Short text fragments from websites
+ + +

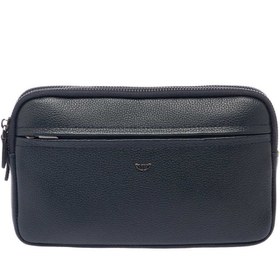 Resim Lacivert Hakiki Deri Erkek El Çantası - S1PC00021488-X86 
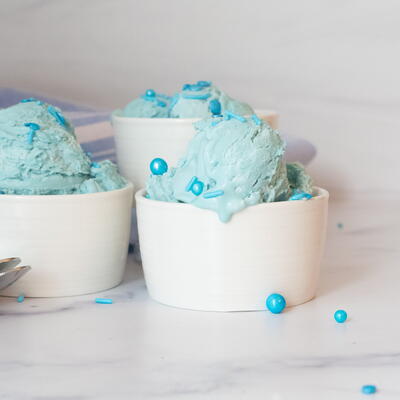 No-churn Blue Ice Cream Recipe
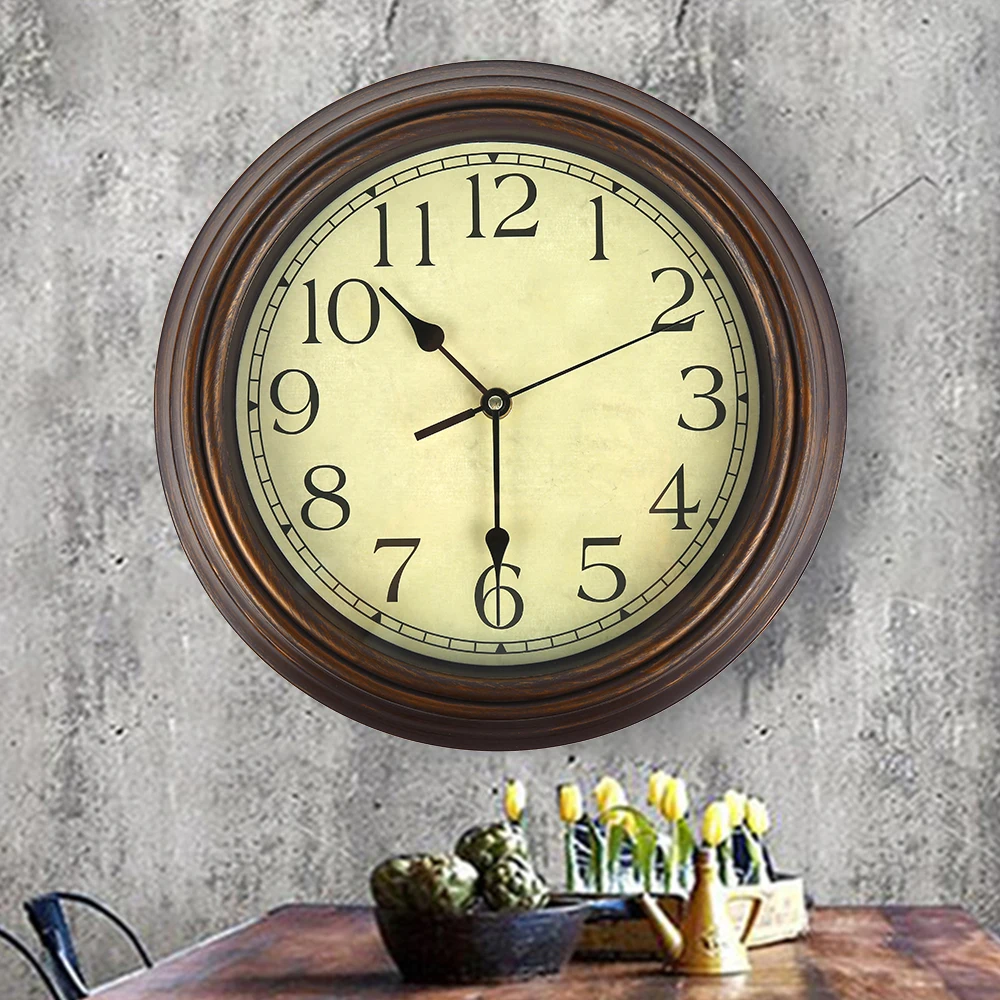 Reloj De Pared Rusticos Grandes Antiguo Relojes De Cocina Grandes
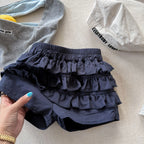 2026 Summer New Children Shorts Cotton Girls Sweet Lace Flower Bud Shorts Fashion Toddler Floral Culottes Kids Clothes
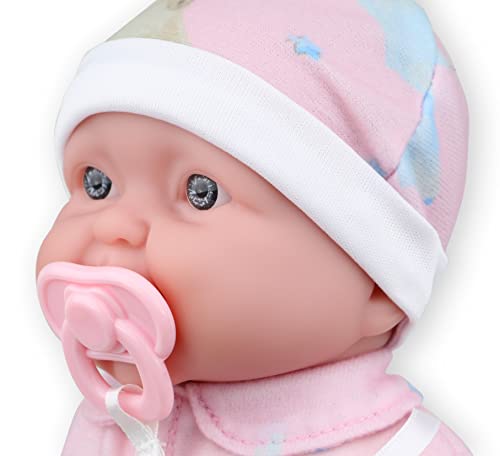 Twins 13" Realistic Soft Body Baby Dolls | JC Toys - Berenguer Boutique | Twins Gift Set with Removable Outfits and Accessories | Pink and Blue | Caucasian | Ages 2+ by JC Toys - Image 5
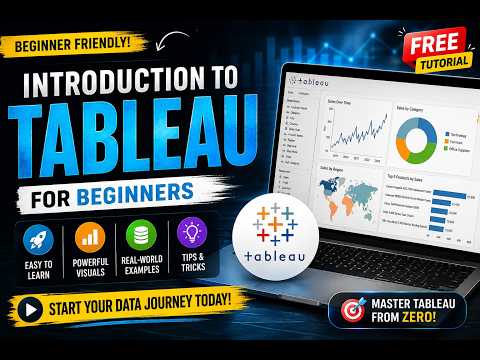 Tableau Tutorial for Beginners — Learn Data Visualization from Scratch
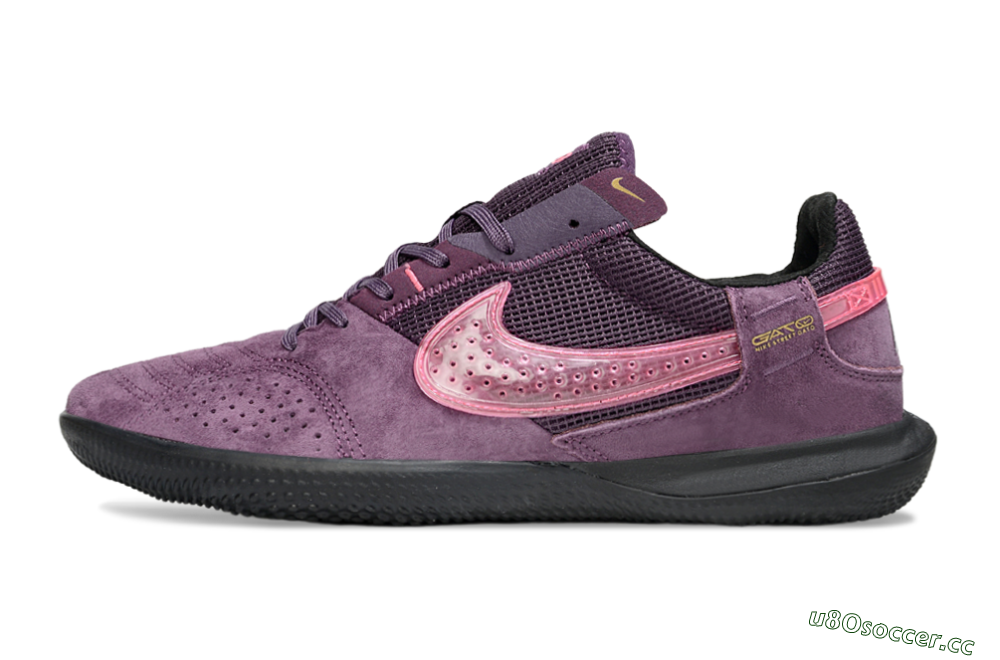 Unisex Nike Street Gato IC Indoor & Futsal Low-Tops Football Shoes - Purple/Dark Orchid/Pink Blush 0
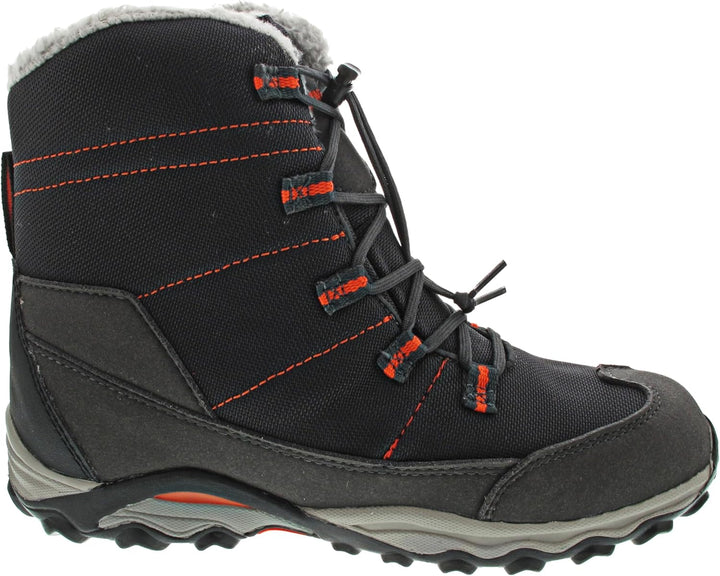 Meindl Unisex Kinder Winterstiefel Yolup Junior GTX Schneestiefel 26 EU Schwarz Orange, 26 EU Schwar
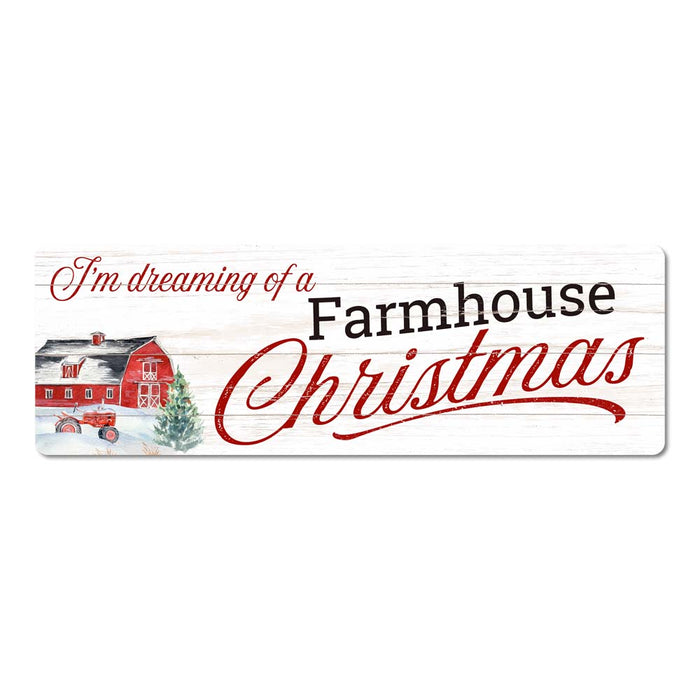 I'm Dreaming Of A Farmhouse Christmas Holiday Christmas Wall Decor Rustic Metal Sign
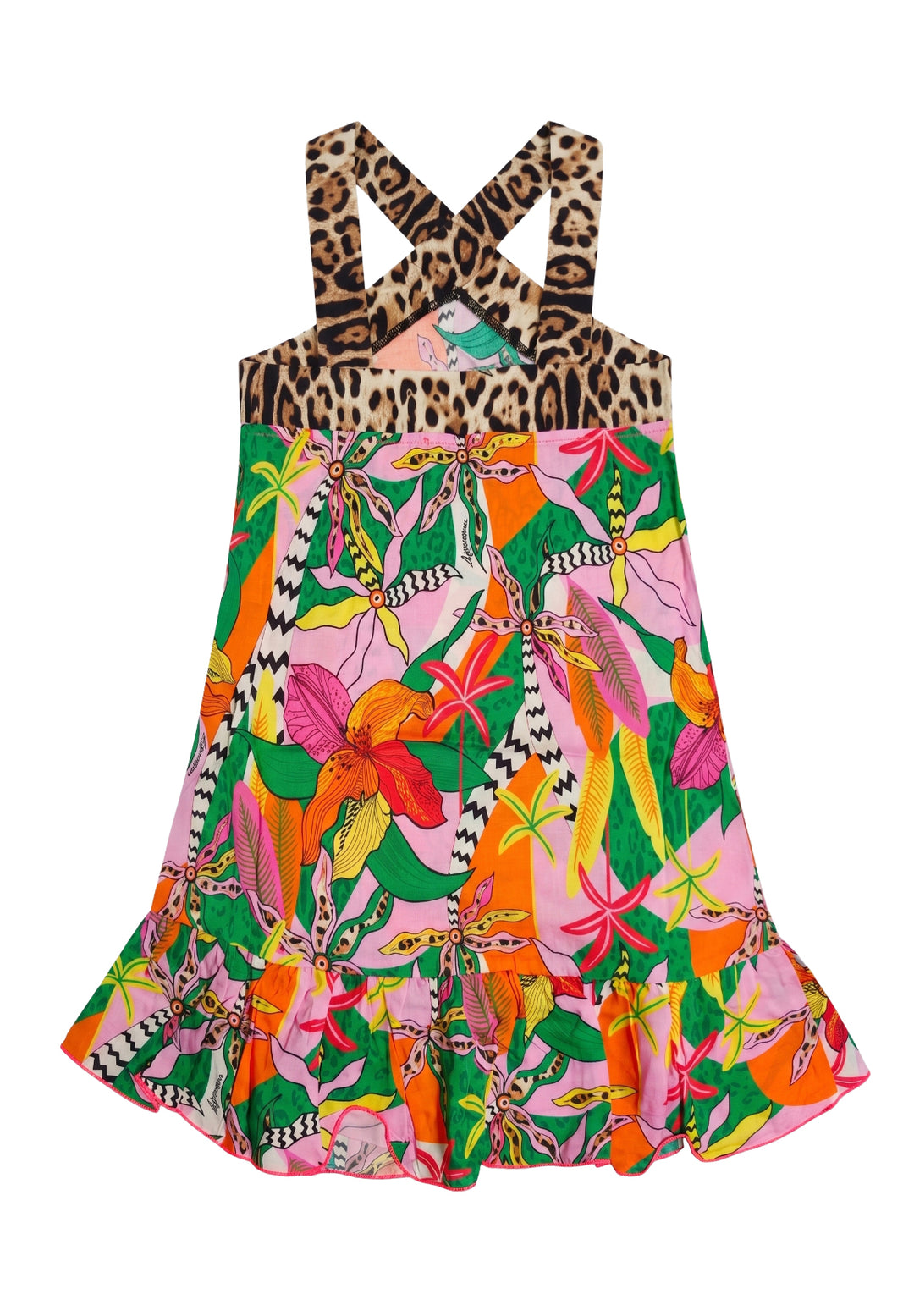 Copricostume multicolor per bambina
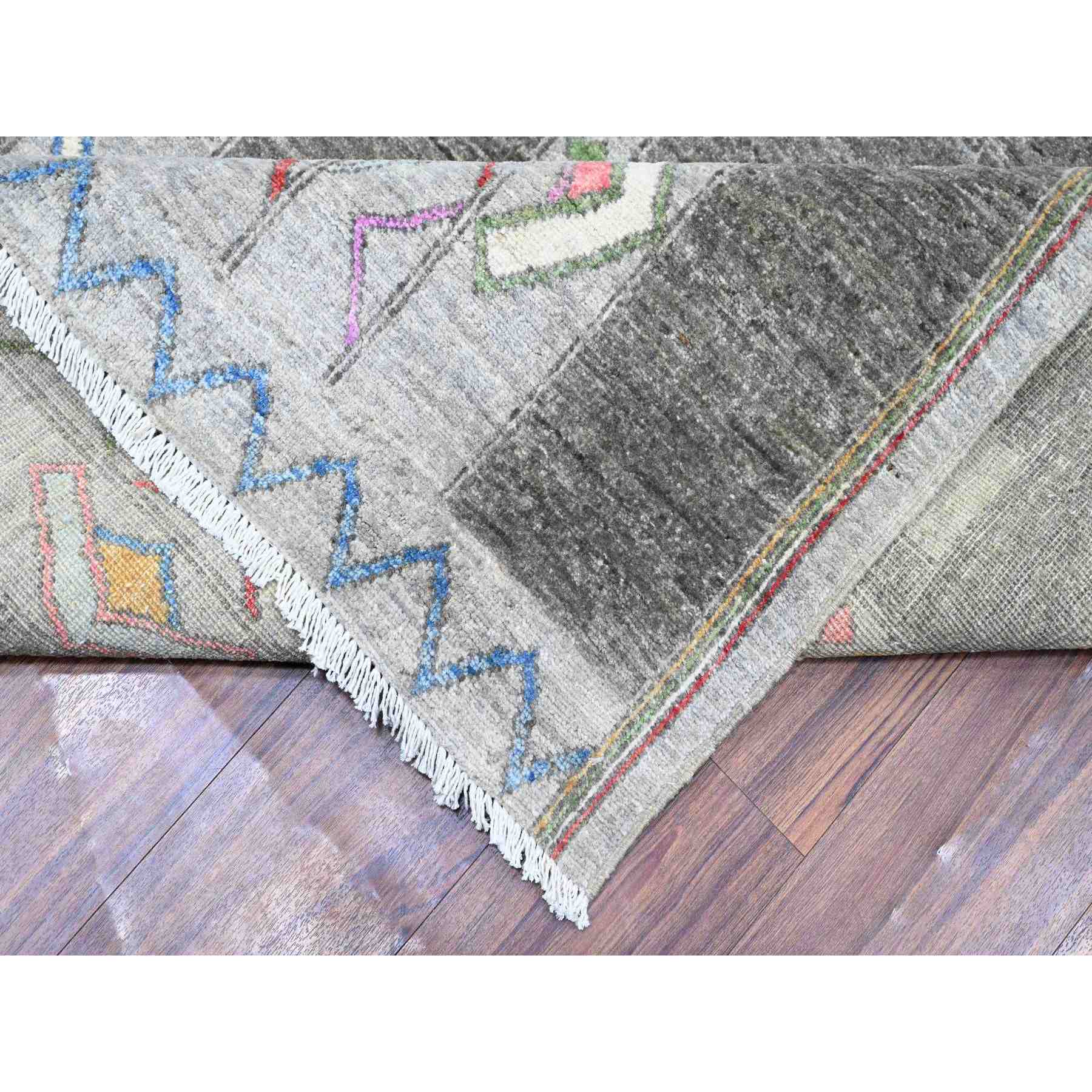Oushak-And-Peshawar-Hand-Knotted-Rug-371645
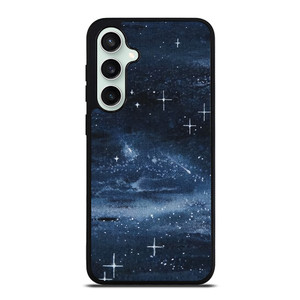 NAVY BLUE STAR FABRIC TEXTURE Samsung Galaxy S23 FE Case Cover NAVY BLUE STAR FABRIC TEXTURE Samsung Galaxy S23 FE Case Cover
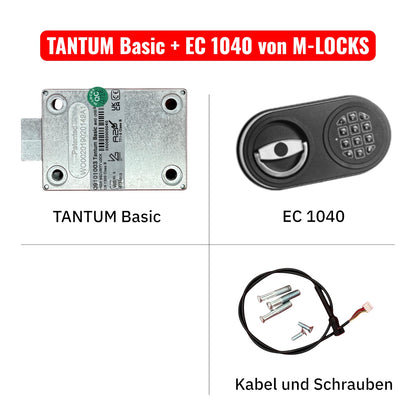 KOMPLETTSET TANTUM mit Eingabeeinheit von M-LOCKS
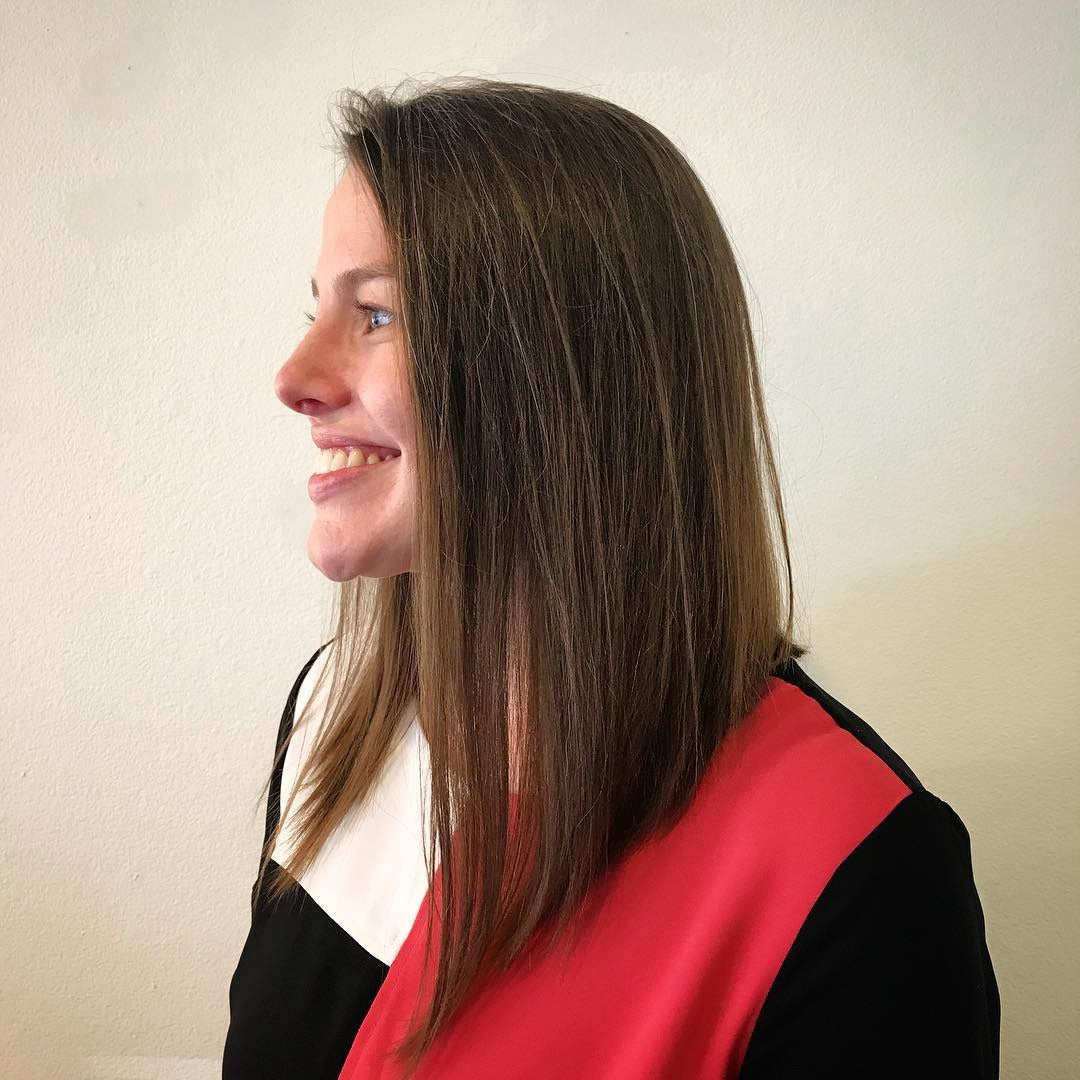 8. Langwinkelter Lob mit glattem Finish (abgewinkelter Lob Haarschnitt)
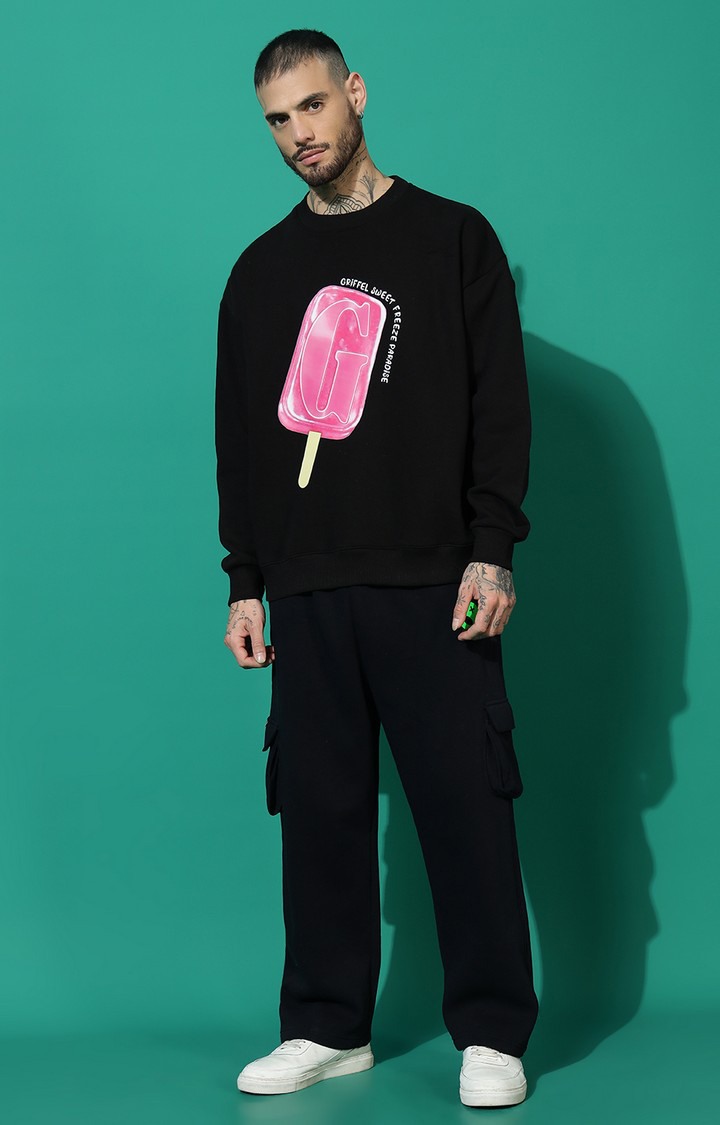 Men's Sweet Paradise Oversized Black Tracksuit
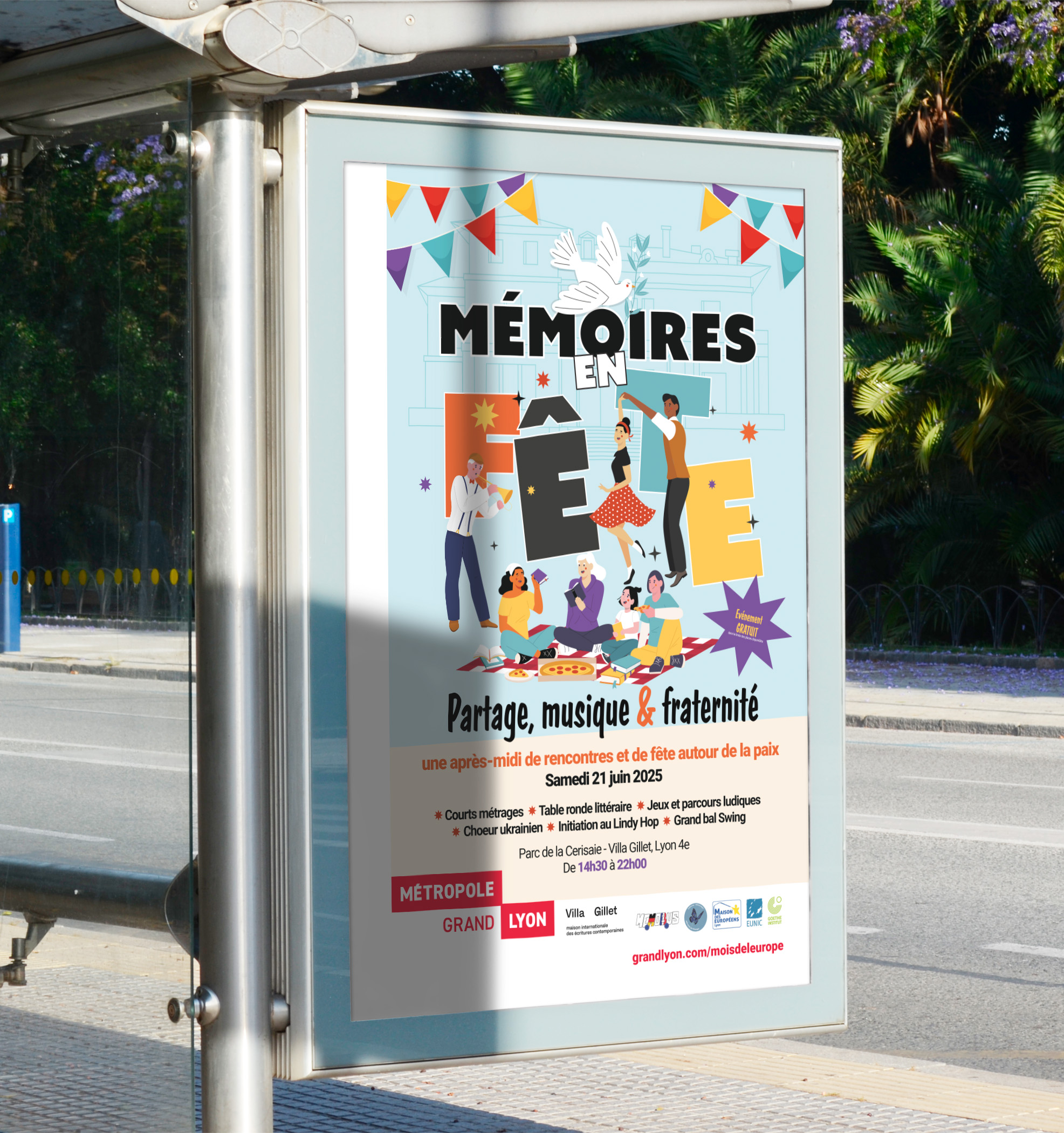 Illustration Affiche événementielle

+ + +

- **BRIEF**
Would you copy the lines above exactly, starting with the one that has "Tableau Tutorial for" and ending with the one that has "KOMPLETTSET TANTUM mit", both included, without the pictures?

- **SOLUTION FOR THIS PROBLEM**
 Tableau Tutorial for Beginners — Learn Data Visualization from Scratch
 Unisex Nike Street Gato IC Indoor & Futsal Low-Tops Football Shoes - Purple/Dark Orchid/Pink Blush 0
 Meindl Unisex Kinder Winterstiefel Yolup Junior GTX Schneestiefel 26 EU Schwarz Orange, 26 EU Schwar
 I'm Dreaming Of A Farmhouse Christmas Holiday Christmas Wall Decor Rustic Metal Sign
 Copricostume multicolor per bambina
Oushak-And-Peshawar-Hand-Knotted-Rug-371645
 NAVY BLUE STAR FABRIC TEXTURE Samsung Galaxy S23 FE Case Cover NAVY BLUE STAR FABRIC TEXTURE Samsung Galaxy S23 FE Case Cover
 KOMPLETTSET TANTUM mit Eingabeeinheit von M-LOCKS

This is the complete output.